基調講演全体の流れとしては、最初にCUDAが20周年を迎えたところから始まった。GPUの進化をたたえたがBlackwellベースのRTX5090までで、Rubinベースとなるであろう6090の映像は出なかった。AIエコシステムの拡大と紹介で、IBMのWatsonXが入っていた。ちょっと驚いたが、IBMの紹介では、なんとSYSTEM/360の写真が使われていた。少し話がずれるが、SYSTEM/360は1964年に発表されたメインフレームの元祖で、「ファミリー」と呼ばれる製品のラインナップを最初に取り入れたコンピュータシステムである。オフィス用の小型機から計算機室を構える大型機まで、同じOSで動くことが素晴らしいと言われた時代で、360は360度全方向に対応するという意味だった。GTCで360の写真を見るとは思わなかった。
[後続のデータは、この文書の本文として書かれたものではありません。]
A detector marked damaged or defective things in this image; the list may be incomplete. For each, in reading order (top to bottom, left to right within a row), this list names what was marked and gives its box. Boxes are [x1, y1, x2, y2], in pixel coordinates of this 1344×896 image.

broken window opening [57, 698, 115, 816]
AIシステムの評価では、HopperからGrace Blackwellに進み、今回はVera Rubinと、さらにGroqを加えたトークンコストの効果が示された。SemiAnalysisが提供しているWebベースのAI性能比較ツールInference-Xで、チャンピオンであることを誇っていた。このあたりは、もう少し理解しながら動画を見直してみたい。また、来年度は売上高を1兆ドル(今年度は500億ドル)にすると意気込んでいた。

終盤は、宇宙の構想と、フィジカルAIでロボットが出てきた。小型ロボットは、今回はアナと雪の女王(原題:Frozen)のキャラクターのオラフが登場した。余談だが、オラフを見ると「タレントの柳沢慎吾に似ているな」といつも思う。映画も見に行ったが、今回のロボットのフォルムを見ても、やはりそう思った。
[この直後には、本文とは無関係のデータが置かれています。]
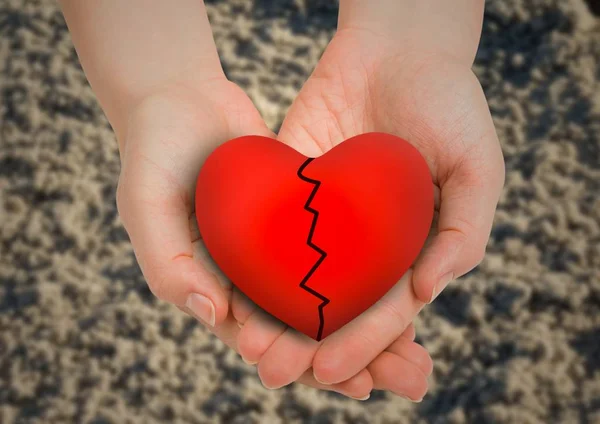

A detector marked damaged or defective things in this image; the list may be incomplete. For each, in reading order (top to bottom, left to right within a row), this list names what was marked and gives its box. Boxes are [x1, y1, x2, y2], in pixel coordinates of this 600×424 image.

broken heart [195, 133, 434, 342]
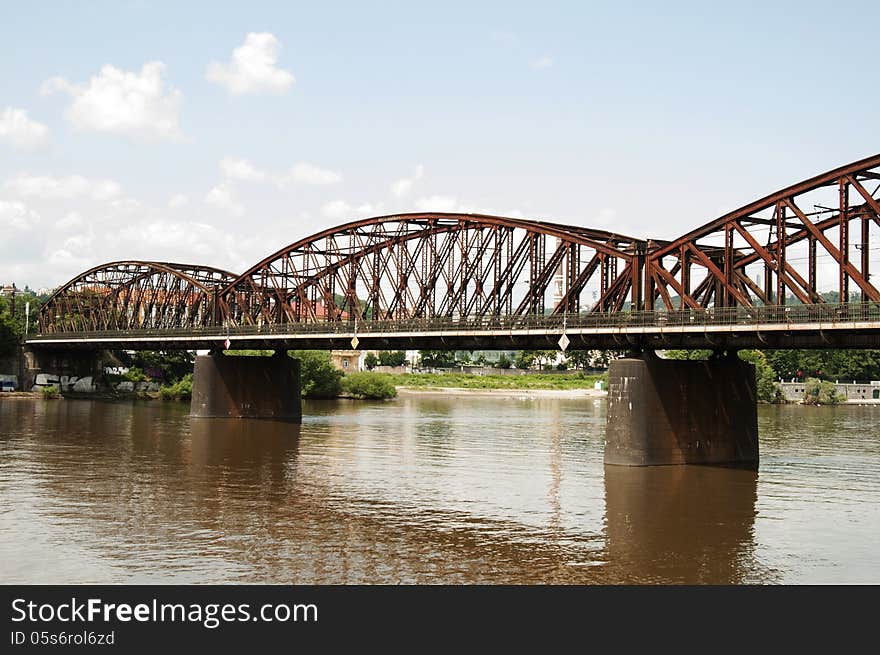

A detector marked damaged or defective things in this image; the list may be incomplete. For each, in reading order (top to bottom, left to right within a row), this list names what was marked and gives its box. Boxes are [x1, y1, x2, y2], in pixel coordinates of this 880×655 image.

最後はロボットのCGアニメで、森の中でロボットたちがキャンプファイヤーを囲んで、ギターや楽器を弾きながらブルージーな歌で基調講演の内容をRecapしてくれた。歌の中の映像で、五層のケーキがちらっと出てくる。歌詞も曲も歌声も、おそらくAIで作ったのではないだろうか。人が作っていたら、逆に驚くというものだ。
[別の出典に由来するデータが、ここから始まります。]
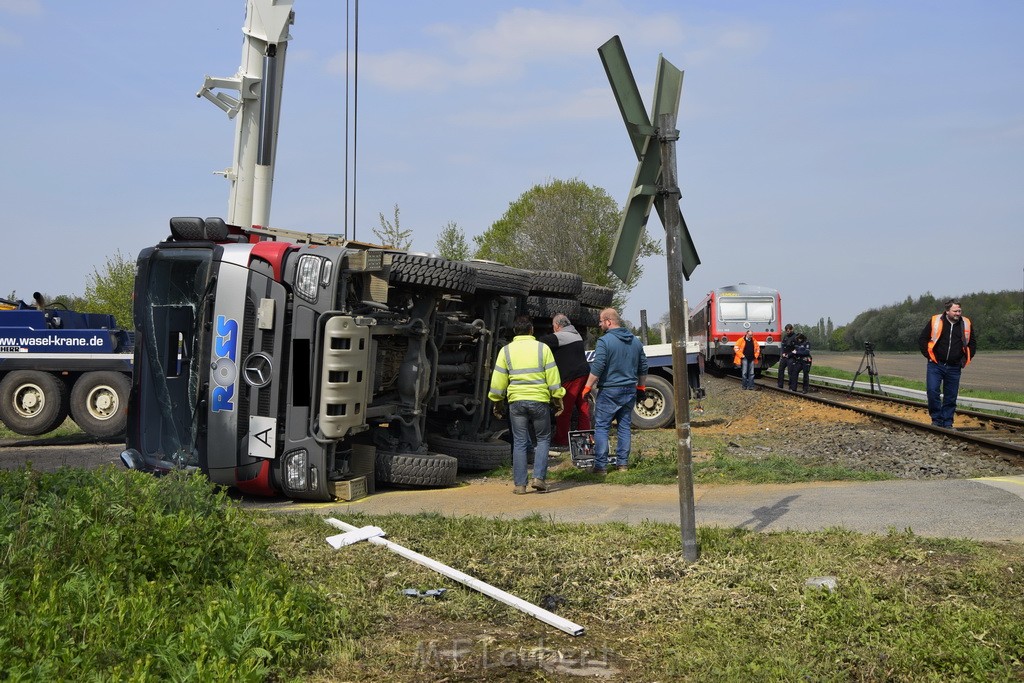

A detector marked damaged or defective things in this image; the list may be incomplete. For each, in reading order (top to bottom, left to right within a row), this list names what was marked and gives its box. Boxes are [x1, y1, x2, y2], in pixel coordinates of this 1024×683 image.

overturned truck [124, 219, 628, 502]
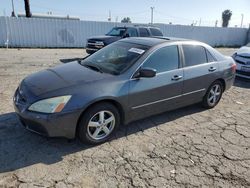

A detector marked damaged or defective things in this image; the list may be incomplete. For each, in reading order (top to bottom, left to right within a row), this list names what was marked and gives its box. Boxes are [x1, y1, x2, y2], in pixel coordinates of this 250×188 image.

cracked pavement [0, 48, 250, 187]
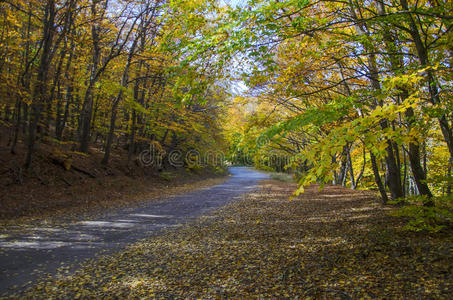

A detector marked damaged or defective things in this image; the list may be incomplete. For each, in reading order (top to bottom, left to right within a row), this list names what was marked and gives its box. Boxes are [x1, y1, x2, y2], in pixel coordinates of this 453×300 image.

cracked asphalt [0, 168, 266, 296]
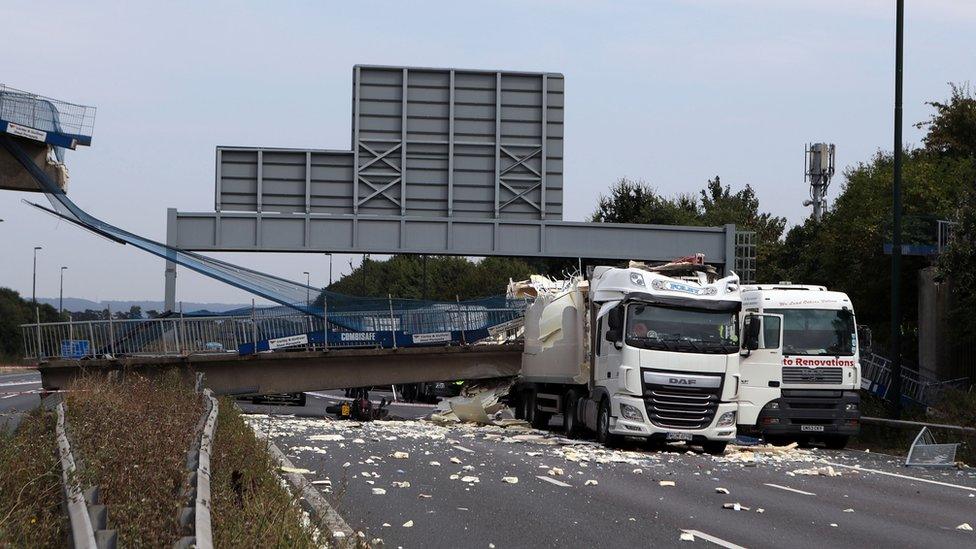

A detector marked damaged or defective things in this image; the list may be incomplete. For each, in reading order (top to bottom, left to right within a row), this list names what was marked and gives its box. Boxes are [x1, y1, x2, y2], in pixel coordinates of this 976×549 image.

damaged trailer [508, 262, 744, 454]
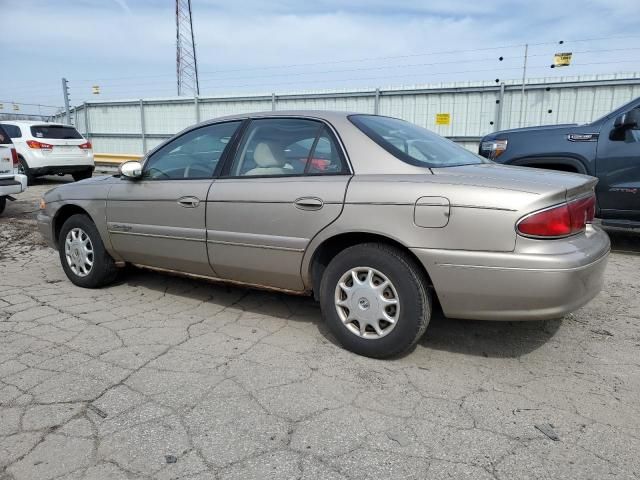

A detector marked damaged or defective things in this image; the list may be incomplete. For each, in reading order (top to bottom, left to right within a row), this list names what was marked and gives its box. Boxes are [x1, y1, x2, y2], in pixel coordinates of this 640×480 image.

cracked asphalt pavement [1, 177, 640, 480]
その他、GTC関連の記事でいくつか。昨日、CPUにインテルのXeonが採用されるのではないかと書いたが、DGX Rubin NVL8システムのホストCPUにXeon 6776Pが採用されたようだ。PコアなのでGranite Rapids(INTEL3プロセス,64コア/128スレッド)となる。ちなみに、Xeon 6776Pとして単体で購入する場合は、単価$9,875(1,000個単位での購入が前提)とのこと。

また、Groq3 LPUはTSMCではなく、サムスンで製造するようだ。 Groq2がサムスン4nmプロセスで製造されており、そのままGroq3もサムスンでの製造を踏襲した模様。プロセスも4nmとみられている。